Perhaps we’ll attract more elite athletes, the kind who confer the stamp of approval on a region, and whom more recreationally minded participants take note of. In the past year our next-door neighbor, Jessie Donavan, has won Ironman triathlons in Lake Placid, Quebec and South Africa, and in a few weeks will be headed to Hawaii for the Big Kahuna of Ironmans, on Kona. She loves training here. A few houses down in the other direction you’ll find Topher McKhann, a former nationally ranked track cyclist. Both Jessie and Topher are dedicated to their sports, but they’re also raising families here, helping to support them by telecommuting to offices in Burlington and Chicago, respectively.
Topher’s high-level competitive days may be over, but he’s exploring ways to add track riding to the local cycling mix. As he sees it, this might start with something that’s popular in Great Britain, an informal “grass track” where riders do circuits around a soccer field. Eventually, if the numbers and interest prove to be there, this might lead to more. Topher has taken note of someone in Ontario who has thrown up a wooden velodrome over the boards of an old hockey rink. Or you could build a poured concrete track, which would be larger and easier to maintain than a wooden one.
The point is, initiative begets initiative, and eventually you reach a kind of critical mass. If there’s to be an East Coast Boulder, Colo., a cycling center in the Northeast, it might as well be here.
The Gran Fondo is just the late spring/early summer piece of what’s percolating locally. Now that both the Middlebury Snow Bowl and Rikert Nordic Ski Touring Center have snowmaking capability, there’s a wintertime piece too. We can make a plausible pitch for our region as “the Addison Alps,” and do so with confidence that no other place between Stowe and the Adirondacks can guarantee both skiing disciplines almost regardless of the weather, least of all within barely a mile of each other.
If it’s taken a while to get people to think of Addison County as a winter resort destination, there’s a reason. Unlike Okemo or Killington or Stratton, we don’t have a single development with slopeside lodging and restaurants. It takes a more discriminating cross-country skier to hunt down Blueberry Hill in Goshen, with its world-class food and network of private trails. And downhillers until now have seemed content to look 45 minutes to our east, to the Mad River Valley.
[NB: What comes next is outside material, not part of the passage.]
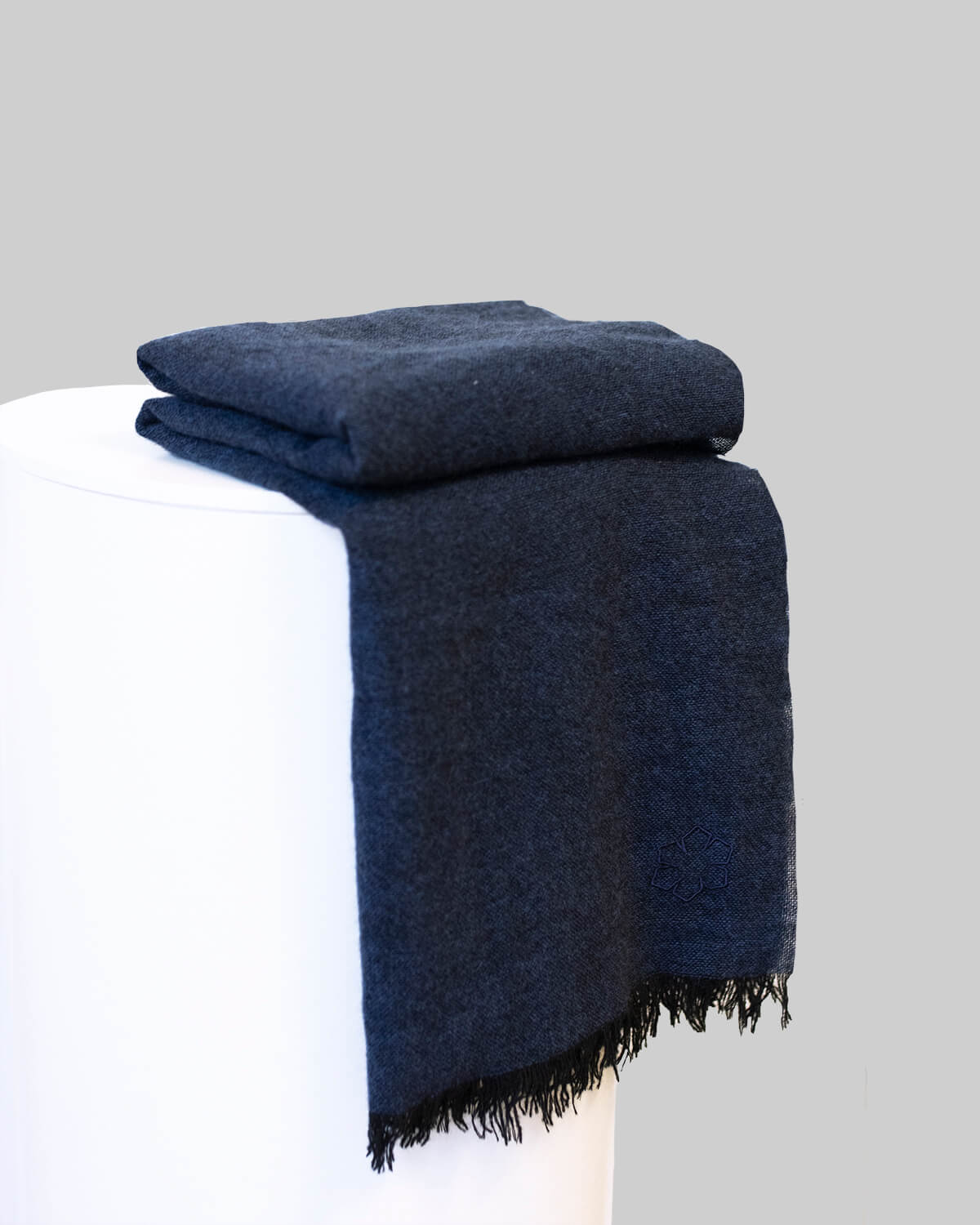 Aston unisex scarf from RHANDERS in the colour navy adorned with an embroidered outline Kalmus flower in one corner.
But here’s where we can distinguish ourselves. Every ski resort faces the same dilemma: Once the day’s skiing is done, or if the weather goes south, what do you do? And it’s in the après sport that we have the edge. We have theatre. Museums. Spectator sports. A range of places to eat, as well as a bounty of local foods for those interested in self-catering. As Rikert director Mike Hussey recently told me, “It’s all right here. We just need to put it together and in front of the market to let people know. It’s been done for leaf season and for the summer, but we’re now a four-season destination. And other than weekends when the College hosts sporting events, we have a lot of unused pillows in the winter. With the most extensive Nordic snowmaking in the state and a great family alpine center in the Snow Bowl, we can put together a really good package.”
Since taking over at Rikert several years ago, Mike has been a dervish, not just in upgrading facilities, but also in recruiting events and thinking up innovative programming. Don’t be surprised if Rikert introduces snowbiking—mountain biking on snow—sometime soon. Or stages what Mountain Top Resort down in Chittenden has done successfully for kids, a paintball biathlon. Or even something called a “primitive biathlon.” If we play host to a bunch of people in snowshoes tromping through the woods with muskets, people elsewhere will take notice.
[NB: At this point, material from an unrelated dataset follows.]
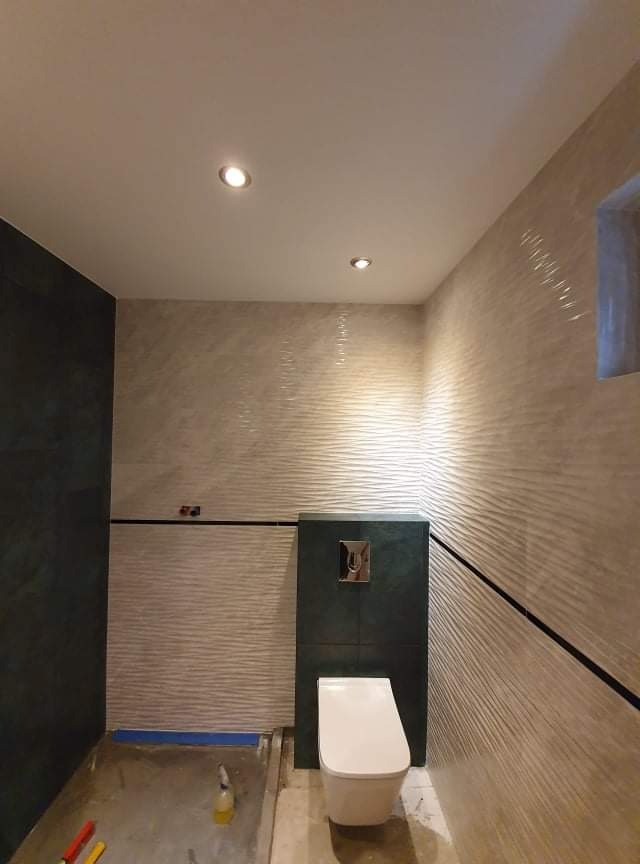 Nowoczesna łazienka w trakcie wykończenia, z podwieszanym WC na tle zielonej zabudowy i falistych, beżowych płytek ściennych z czarnymi akcentami. Na podłodze widoczne ślady prac glazurniczych...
After hosting the NCAAs last winter, Rikert is ready to bid on more national events—the National Senior Championships, for instance, or the Junior Nationals. “Pie in the sky?” Mike says. “That would be a cross-country World Cup. We have the trail and the arena for it.”
The International Ski Federation likes to cluster several World Cup events regionally, for ease of logistics and to save on travel costs as the circuit moves around the globe. Last winter the calendar included a successful stopover in Quebec City. There’s actually a movement afoot to stage a sprint event in New York City. Rikert would be perfectly situated for the third leg of a North American segment to the circuit.
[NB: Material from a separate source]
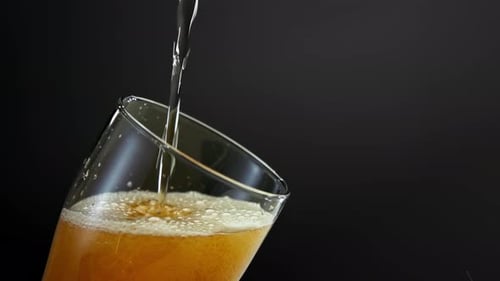 Beer Pouring into Glass Overflowing with Foam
Several months ago the magazine I write for, Sports Illustrated, ran a long story about the new endurance sports boom. Last year, some 65,000 people finished an Ironman triathlon—which is to say, more than 140 miles of running and biking and swimming. From mud runs to sprint triathlons to Gran Fondos, the trend is no longer driven by the solipsistic urge that led to the “running fad” you may remember from the “Me Generation” Seventies. That was largely about self-perfection. Nowadays, people are getting off the couch with the goal of being “completers” rather than “competers,” and celebrating everyone else who’s out there. The headline over our article was MUD, SWEAT AND BEERS, and caught the spirit of the movement just right.
The new endurance sports boom is in fact part of something that might be called the “back-to-health” movement. From the Baby-Boom Generation on down, people are taking a renewed interest in being healthy, whether eating healthy food or engaging in healthy activities. Marketers say the largest cohort of newly minted athletes is made up of so-called “out-of-the-cave” women who have raised children through age 5 or 6 and, with the kids off at full-day school, want to get their lives back. Vermont is well-positioned to identify with “back-to-health,” particularly our little patch of the state, with its farm-to-plate reputation.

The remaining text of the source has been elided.